Belfast Telegraph

Home News World

South Korea's ruling party splits over impeached president

Dozens of MPs have split from South Korea's ruling party over the corruption scandal involving impeached president Park Geun-hye, in a move that could shape elections that might take place in just months.

The 29 anti-Park MPs who left the Saenuri Party plan to create a new conservative party that is likely to try to lure outgoing United Nations secretary general Ban Ki-moon as its presidential candidate.

And there is a possibility of more MPs leaving Saenuri in the coming weeks over rifts with Park loyalists who continue to occupy the party's leadership.
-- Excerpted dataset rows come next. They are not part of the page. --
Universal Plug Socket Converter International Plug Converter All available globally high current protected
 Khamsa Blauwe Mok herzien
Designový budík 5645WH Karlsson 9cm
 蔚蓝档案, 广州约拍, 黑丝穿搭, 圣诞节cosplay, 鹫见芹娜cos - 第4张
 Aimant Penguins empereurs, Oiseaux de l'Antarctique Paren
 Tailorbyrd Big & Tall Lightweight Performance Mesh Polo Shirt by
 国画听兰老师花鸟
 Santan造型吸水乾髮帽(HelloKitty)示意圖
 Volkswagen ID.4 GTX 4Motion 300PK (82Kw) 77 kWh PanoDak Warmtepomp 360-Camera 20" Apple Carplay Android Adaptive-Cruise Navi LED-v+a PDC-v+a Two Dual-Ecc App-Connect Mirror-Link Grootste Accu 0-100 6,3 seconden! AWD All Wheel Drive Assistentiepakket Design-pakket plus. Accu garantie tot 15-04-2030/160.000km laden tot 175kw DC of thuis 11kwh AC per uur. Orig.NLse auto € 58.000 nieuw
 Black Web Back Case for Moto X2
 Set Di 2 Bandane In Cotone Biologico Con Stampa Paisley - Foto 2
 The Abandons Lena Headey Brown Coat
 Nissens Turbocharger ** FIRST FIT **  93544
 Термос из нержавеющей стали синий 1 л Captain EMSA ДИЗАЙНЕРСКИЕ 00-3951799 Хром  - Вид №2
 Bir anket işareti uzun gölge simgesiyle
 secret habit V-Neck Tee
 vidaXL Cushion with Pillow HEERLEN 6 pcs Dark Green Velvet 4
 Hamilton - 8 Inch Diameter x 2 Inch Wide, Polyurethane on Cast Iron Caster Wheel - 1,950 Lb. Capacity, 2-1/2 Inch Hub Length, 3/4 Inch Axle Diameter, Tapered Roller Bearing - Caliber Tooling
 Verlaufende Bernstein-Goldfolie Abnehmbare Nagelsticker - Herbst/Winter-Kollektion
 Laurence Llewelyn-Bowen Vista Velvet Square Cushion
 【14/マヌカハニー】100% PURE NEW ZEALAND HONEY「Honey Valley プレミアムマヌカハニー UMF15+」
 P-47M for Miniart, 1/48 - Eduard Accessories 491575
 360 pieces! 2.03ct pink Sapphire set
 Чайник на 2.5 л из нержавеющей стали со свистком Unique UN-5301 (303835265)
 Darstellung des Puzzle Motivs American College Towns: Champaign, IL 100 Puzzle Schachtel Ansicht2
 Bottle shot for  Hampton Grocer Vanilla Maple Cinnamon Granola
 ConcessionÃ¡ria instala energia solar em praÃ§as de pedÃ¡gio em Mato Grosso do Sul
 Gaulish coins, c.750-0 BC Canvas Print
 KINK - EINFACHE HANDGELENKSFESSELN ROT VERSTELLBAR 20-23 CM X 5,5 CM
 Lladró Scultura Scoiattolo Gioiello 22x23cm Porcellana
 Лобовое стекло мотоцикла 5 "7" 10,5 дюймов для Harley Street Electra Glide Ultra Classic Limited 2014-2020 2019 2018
Choung Byoung-gug, one of those who left Saenuri, accused the loyalists of "neglecting the values of real conservatism" and "shamelessly defending the infringement of constitutional values" as they continued to support the scandal-hit president.

The split came as investigators widened their inquiry into the scandal surrounding Ms Park, who has been accused of colluding with a long-time confidante to extort money and favours from the country's biggest companies and to allow her friend to manipulate government affairs.

The team, led by special prosecutor Park Young-soo, is planning to summon the president's jailed friend, Choi Soon-sil, following their first interrogation of her on Saturday.

Mr Ban is seen as the best hope for conservatives to win back the Blue House after Ms Park's collapse complicated politics for her party. Recent opinion polls put him slightly ahead of liberal politician Moon Jae-in, who conceded the presidential race to Ms Park four years ago, as the favourite to win a presidential vote.

In a recent meeting with South Korean reporters in New York, Mr Ban said he was ready to "burn" his body in devotion for South Korea, his strongest hint yet that he would run for president.

South Korea's opposition-controlled parliament voted on December 9 to impeach Ms Park over the scandal that saw millions of people protest in recent weeks.